■ **Exercise aim**
Retype the data below verbatim; pictures do not belong in the copy.

■ **Data shown**
= Beginning of Section =
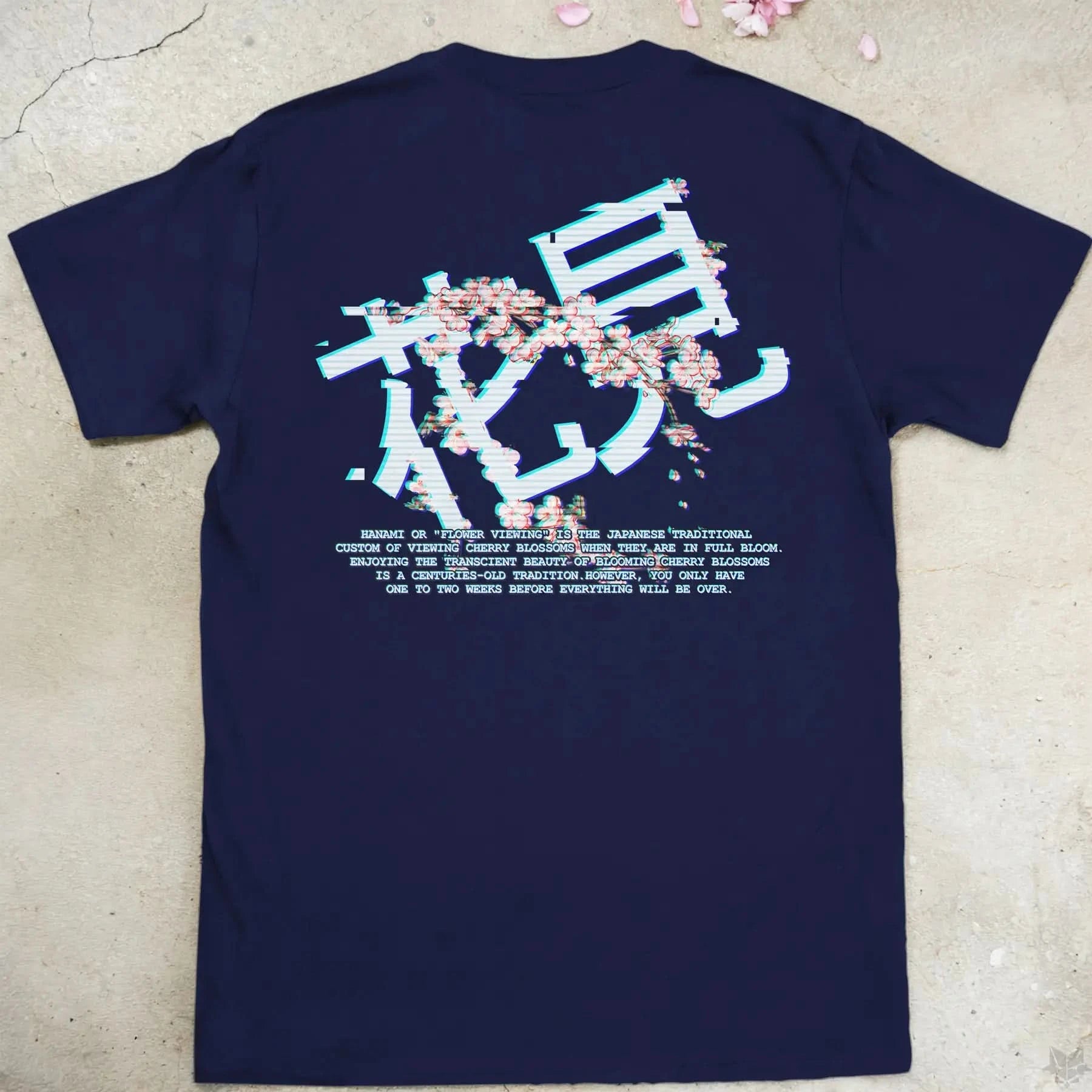 Sakura Glitch | back print ❀ T-shirt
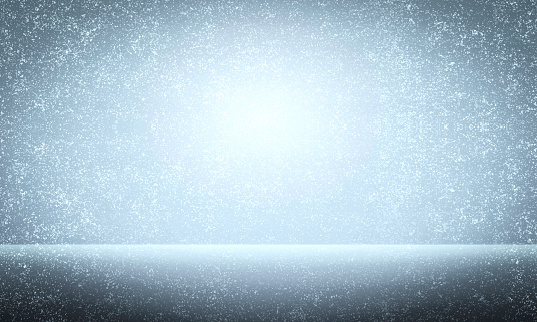 Abstract Snowy Winter Background Vignette Spotlight with copy space - textured effect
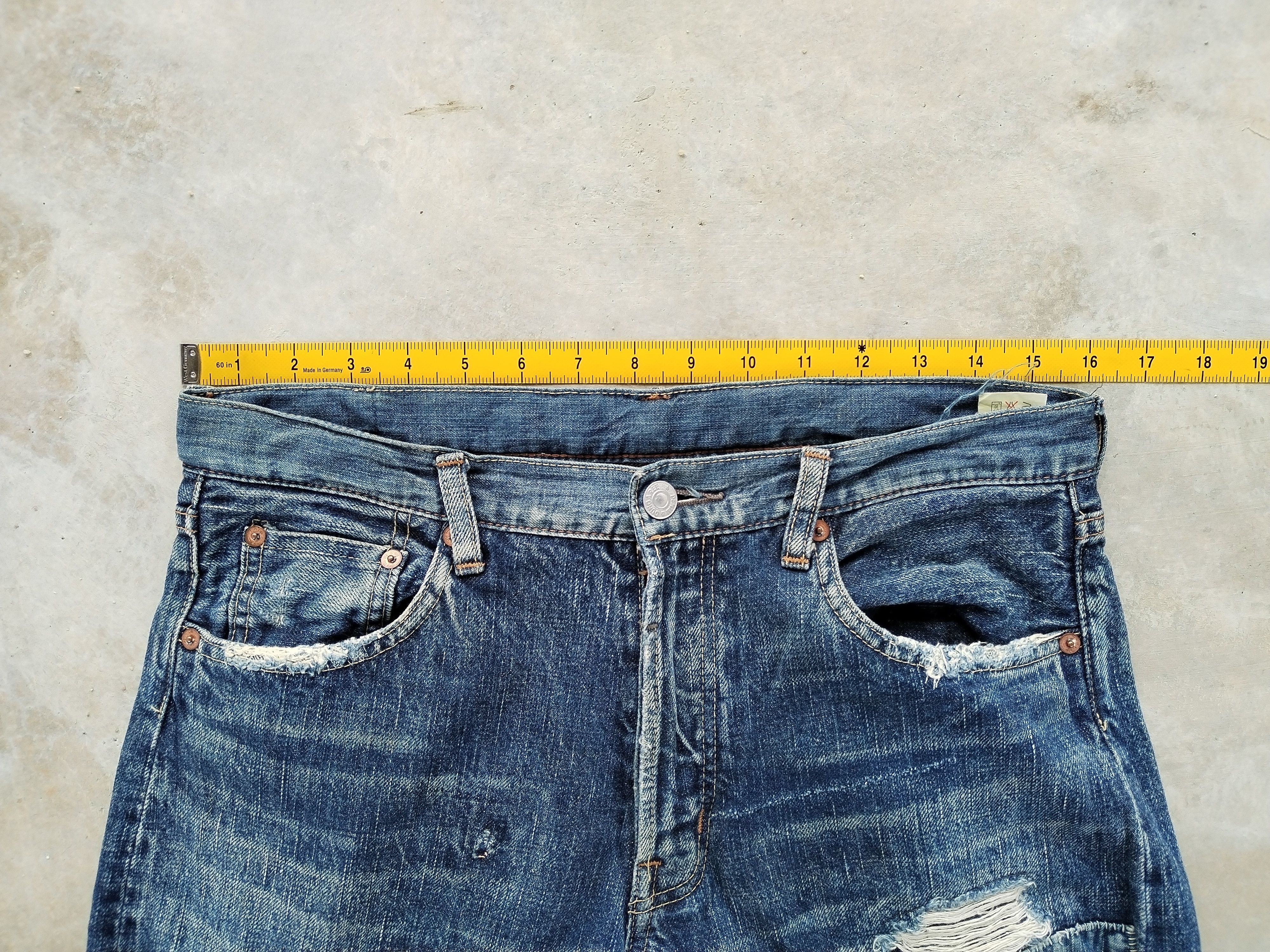 Japanese Brand Denim & Dungaree Patchwork Jeans Size US 32 / EU 48 - 12 Thumbnail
= End of Section =
■ **Task response**
 Sakura Glitch | back print ❀ T-shirt
 Abstract Snowy Winter Background Vignette Spotlight with copy space - textured effect
 Japanese Brand Denim & Dungaree Patchwork Jeans Size US 32 / EU 48 - 12 Thumbnail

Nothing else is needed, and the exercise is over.